**Task inputs:**

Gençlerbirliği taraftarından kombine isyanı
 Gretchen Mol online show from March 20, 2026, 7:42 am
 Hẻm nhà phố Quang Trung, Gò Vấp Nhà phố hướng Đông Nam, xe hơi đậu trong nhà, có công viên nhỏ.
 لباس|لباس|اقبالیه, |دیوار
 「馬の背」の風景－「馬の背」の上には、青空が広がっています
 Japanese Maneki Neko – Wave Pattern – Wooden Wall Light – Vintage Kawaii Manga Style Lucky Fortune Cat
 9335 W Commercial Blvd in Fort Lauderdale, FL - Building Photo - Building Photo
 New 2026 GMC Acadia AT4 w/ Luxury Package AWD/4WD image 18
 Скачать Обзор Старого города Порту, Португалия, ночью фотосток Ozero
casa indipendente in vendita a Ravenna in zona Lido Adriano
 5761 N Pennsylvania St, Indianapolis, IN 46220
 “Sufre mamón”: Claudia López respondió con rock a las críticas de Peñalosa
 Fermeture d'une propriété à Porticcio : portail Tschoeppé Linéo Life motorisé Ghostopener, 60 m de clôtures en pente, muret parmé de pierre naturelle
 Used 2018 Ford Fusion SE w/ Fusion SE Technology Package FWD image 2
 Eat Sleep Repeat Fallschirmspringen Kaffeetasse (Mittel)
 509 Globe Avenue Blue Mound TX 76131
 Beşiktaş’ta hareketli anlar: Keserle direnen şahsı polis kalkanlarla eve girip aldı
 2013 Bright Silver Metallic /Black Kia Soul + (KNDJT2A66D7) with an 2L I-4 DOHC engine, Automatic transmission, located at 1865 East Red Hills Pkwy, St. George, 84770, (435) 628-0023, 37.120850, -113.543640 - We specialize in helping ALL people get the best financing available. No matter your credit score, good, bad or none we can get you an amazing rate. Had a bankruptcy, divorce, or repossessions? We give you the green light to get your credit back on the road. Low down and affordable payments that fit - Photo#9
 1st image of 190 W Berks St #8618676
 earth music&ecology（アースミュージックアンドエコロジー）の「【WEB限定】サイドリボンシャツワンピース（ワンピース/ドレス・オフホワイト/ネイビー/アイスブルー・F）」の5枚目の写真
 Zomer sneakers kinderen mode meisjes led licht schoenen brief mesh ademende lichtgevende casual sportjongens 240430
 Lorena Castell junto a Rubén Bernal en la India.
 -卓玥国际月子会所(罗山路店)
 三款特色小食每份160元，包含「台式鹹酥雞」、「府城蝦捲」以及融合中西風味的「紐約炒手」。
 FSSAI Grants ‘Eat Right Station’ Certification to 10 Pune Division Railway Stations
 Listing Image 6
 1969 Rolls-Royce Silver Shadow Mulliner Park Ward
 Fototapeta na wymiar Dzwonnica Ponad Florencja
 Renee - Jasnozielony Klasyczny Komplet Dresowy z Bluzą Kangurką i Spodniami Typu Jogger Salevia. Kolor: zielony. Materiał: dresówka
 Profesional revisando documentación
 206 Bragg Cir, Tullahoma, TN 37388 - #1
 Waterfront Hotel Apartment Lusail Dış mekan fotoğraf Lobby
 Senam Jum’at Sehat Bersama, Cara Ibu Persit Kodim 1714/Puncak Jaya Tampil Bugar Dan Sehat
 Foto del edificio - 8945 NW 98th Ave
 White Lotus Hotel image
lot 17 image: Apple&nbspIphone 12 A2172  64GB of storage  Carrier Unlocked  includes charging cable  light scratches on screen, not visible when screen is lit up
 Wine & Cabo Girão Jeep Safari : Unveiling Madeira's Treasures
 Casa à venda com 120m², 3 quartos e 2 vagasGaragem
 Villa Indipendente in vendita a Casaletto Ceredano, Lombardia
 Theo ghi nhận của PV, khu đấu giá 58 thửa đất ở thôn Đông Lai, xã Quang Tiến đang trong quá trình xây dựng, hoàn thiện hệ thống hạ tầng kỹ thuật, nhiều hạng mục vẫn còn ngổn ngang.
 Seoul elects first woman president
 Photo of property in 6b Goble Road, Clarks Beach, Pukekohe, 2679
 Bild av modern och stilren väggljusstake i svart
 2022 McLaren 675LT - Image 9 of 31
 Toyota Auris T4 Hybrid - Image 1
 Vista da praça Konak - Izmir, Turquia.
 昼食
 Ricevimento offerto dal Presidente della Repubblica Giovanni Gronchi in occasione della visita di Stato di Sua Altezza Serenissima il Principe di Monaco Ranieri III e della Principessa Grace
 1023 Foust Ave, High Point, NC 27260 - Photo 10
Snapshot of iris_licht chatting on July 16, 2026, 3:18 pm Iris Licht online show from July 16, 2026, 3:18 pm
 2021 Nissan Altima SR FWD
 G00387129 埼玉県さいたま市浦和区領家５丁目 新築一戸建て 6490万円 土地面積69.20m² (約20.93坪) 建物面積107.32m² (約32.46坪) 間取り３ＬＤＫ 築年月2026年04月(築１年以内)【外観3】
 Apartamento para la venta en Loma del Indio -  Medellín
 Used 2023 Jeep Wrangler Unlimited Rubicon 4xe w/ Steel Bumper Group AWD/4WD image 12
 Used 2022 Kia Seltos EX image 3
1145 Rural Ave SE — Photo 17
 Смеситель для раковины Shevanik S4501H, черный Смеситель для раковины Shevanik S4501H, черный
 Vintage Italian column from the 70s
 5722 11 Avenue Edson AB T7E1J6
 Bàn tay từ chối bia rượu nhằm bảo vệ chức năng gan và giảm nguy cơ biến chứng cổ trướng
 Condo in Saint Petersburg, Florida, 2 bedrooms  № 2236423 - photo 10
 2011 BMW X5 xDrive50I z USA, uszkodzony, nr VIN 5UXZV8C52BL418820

**Exercise objective:** Everything from the first line above through the line that contains "Beşiktaş’ta hareketli anlar: Keserle" should be duplicated exactly, please, and nothing beyond it.

**Result of this task:**
Gençlerbirliği taraftarından kombine isyanı
 Gretchen Mol online show from March 20, 2026, 7:42 am
 Hẻm nhà phố Quang Trung, Gò Vấp Nhà phố hướng Đông Nam, xe hơi đậu trong nhà, có công viên nhỏ.
 لباس|لباس|اقبالیه, |دیوار
 「馬の背」の風景－「馬の背」の上には、青空が広がっています
 Japanese Maneki Neko – Wave Pattern – Wooden Wall Light – Vintage Kawaii Manga Style Lucky Fortune Cat
 9335 W Commercial Blvd in Fort Lauderdale, FL - Building Photo - Building Photo
 New 2026 GMC Acadia AT4 w/ Luxury Package AWD/4WD image 18
 Скачать Обзор Старого города Порту, Португалия, ночью фотосток Ozero
casa indipendente in vendita a Ravenna in zona Lido Adriano
 5761 N Pennsylvania St, Indianapolis, IN 46220
 “Sufre mamón”: Claudia López respondió con rock a las críticas de Peñalosa
 Fermeture d'une propriété à Porticcio : portail Tschoeppé Linéo Life motorisé Ghostopener, 60 m de clôtures en pente, muret parmé de pierre naturelle
 Used 2018 Ford Fusion SE w/ Fusion SE Technology Package FWD image 2
 Eat Sleep Repeat Fallschirmspringen Kaffeetasse (Mittel)
 509 Globe Avenue Blue Mound TX 76131
 Beşiktaş’ta hareketli anlar: Keserle direnen şahsı polis kalkanlarla eve girip aldı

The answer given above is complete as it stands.